Susquehanna Financial Group Analyst Sam Poser has urged investors to sell Under Armour (UAA), predicting the share price will drop 30% in 2018; gains the company realized over the last 2 months. Poser believes the company’s decision to advertise with low-end retailers (i.e. KSS, DSW) is having an adverse effect on its efforts to sell product to “better retailers” (i.e. DKS, HIBB); insisting “there is no fundamental recovery in sight.” Stifel Analyst Jim Duffy has a contrary opinion, he’s pleased with the company’s recent cost savings initiatives and improved performance and foresees growth opportunities both internationally and within their footwear division.
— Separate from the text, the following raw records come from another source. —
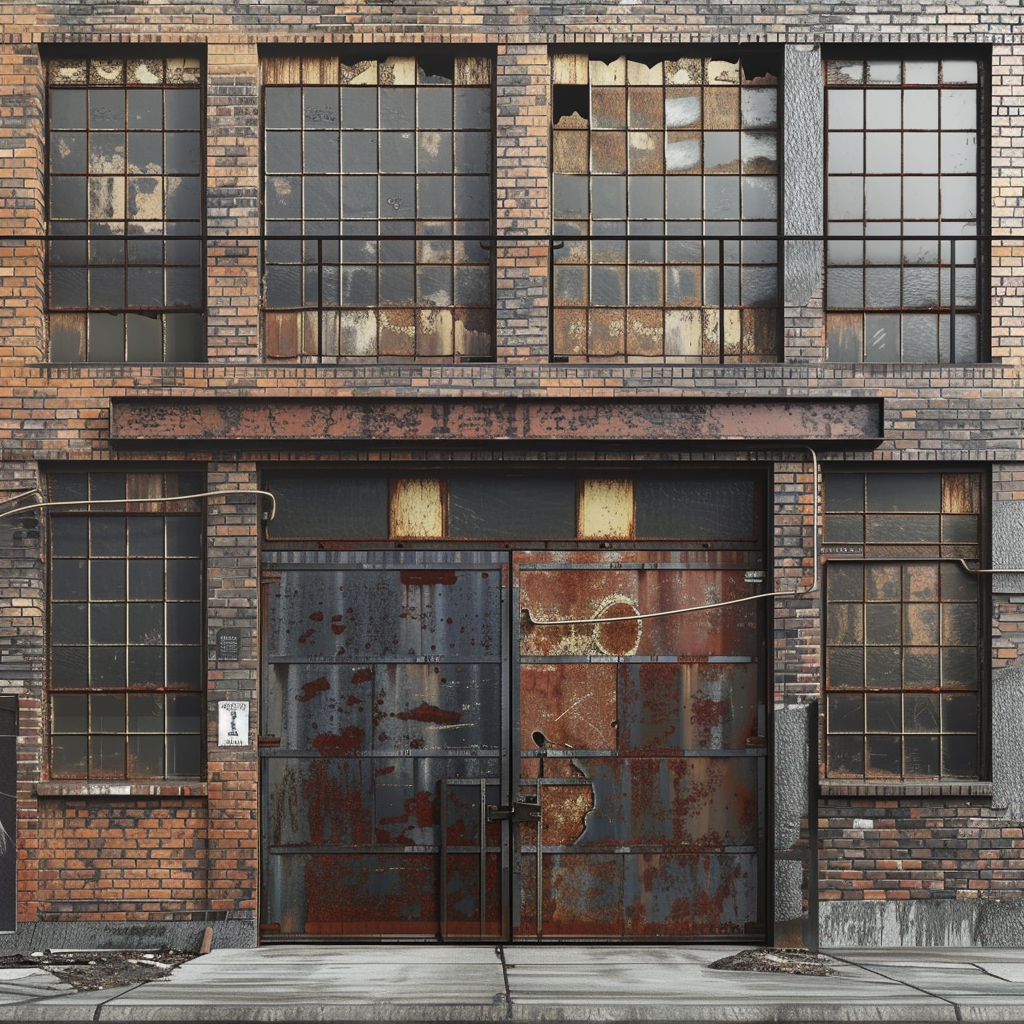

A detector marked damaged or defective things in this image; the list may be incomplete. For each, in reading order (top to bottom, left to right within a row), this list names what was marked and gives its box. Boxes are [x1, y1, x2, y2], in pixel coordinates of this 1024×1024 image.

window with broken pane [48, 55, 205, 364]
rusty window pane [48, 58, 205, 364]
window with broken pane [264, 55, 495, 364]
rusty window pane [264, 55, 495, 364]
rusty window pane [552, 52, 782, 364]
window with broken pane [557, 52, 778, 364]
rusty window pane [823, 57, 983, 360]
window with broken pane [823, 57, 983, 364]
rusted metal panel [108, 395, 884, 448]
rusty steel lintel [108, 397, 884, 450]
window with broken pane [48, 468, 204, 774]
rusty window pane [48, 468, 204, 778]
rusted metal door [260, 557, 507, 937]
rusted metal panel [516, 548, 765, 937]
rusted metal door [516, 557, 765, 937]
rusty window pane [823, 468, 983, 778]
window with broken pane [823, 473, 983, 782]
Howie Long-Short: Following release of Poser’s note on Monday morning, shares declined 5.5%; closing at $15.11, the lowest the stock has been priced at since Summer ’13. Need a reason to believe UAA can turn it around? In June ’17, the company hired Patrik Frisk (former ALDO Group CEO) as President and COO. The 30-year industry veteran is considered an expert in preparing companies for a sale.

Fan Marino: Sloane Stephens, Under Armour’s long-time top female tennis endorser, has parted ways with the company and signed with Nike (NKE). Stephens, who signed with the brand as a teenager in 2010, won the 2017 U.S. Open wearing UAA tennis apparel. Financial terms of the deal were not disclosed.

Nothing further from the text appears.